The Anti-Kickback Statute
This statute prohibits transactions intended to induce or reward referrals for items or services reimbursed by the federal health care programs. The statute is designed to protect federal program health beneficiaries from the influence of money on referral decisions.
The Health Information Technology for Economic and Clinical Health Act (HITECH)
The HITECH Act was enacted as part of the American Recovery and reinvestment Act (2009) to promote the meaningful use of health information technology by incenting health care providers to adopt electronic health records and adopt privacy and security protections.
The Genetic Information Nondiscrimination Act (GINA) of 2008
GINA protects Americans from being discriminated against based on their genetic information in health insurance and employment.
Many states have enacted laws on the use, collection and disclosure of health information. Some states even detail what each person’s medical record must include.
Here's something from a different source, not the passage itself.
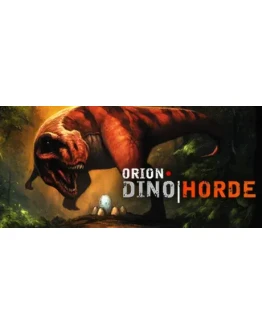ORION: Dino Horde (Steam Gift/Region Free)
States have also set standards for privacy and confidentiality that often exceed federal laws. Others have set standards for how private health insurers conduct business within their state. For example, because Medicaid is a partnership between the federal government and the states, many states have passed their own regulations on participating providers.
Surprise Medical Bills
Surprise medical bills often occur when someone is treated in an in-network hospital emergency department or facility by out-of-network physicians or other health professionals. As of mid-2019 twenty-eight of the states had enacted consumer protections. As of mid-2019 only thirteen states had protections that limited the consumer’s financial exposure, extended protection to both hospital emergency departments and in-network hospital settings, applied to both HMO and PPO members, prohibited balance billing, and adopted a payment standard or process to resolve payment disputes between providers and payers. The Commonwealth fund as provided an interactive map that reviews the Balance-Billing protections for each state.
Many patient rights are rooted in the American Medical Association (AMA) Code of Medical Ethics. The AMA Code of Medical Ethics guides physicians in their patient and physician interactions, treatments & use of technology, and in their professional relationships and self-regulation. The Patient Bill of Rights (PBR) details each patient’s rights and responsibilities to help improve the quality of your care.
National and state health care laws are changing. It’s important to research the latest laws when you have an issue with your payers, providers, or doctors. We will attempt to update this article as new information becomes publicly available. However, when you have an issue a healthcare attorney in your state should be consulted to ensure that you know the latest federal and state laws.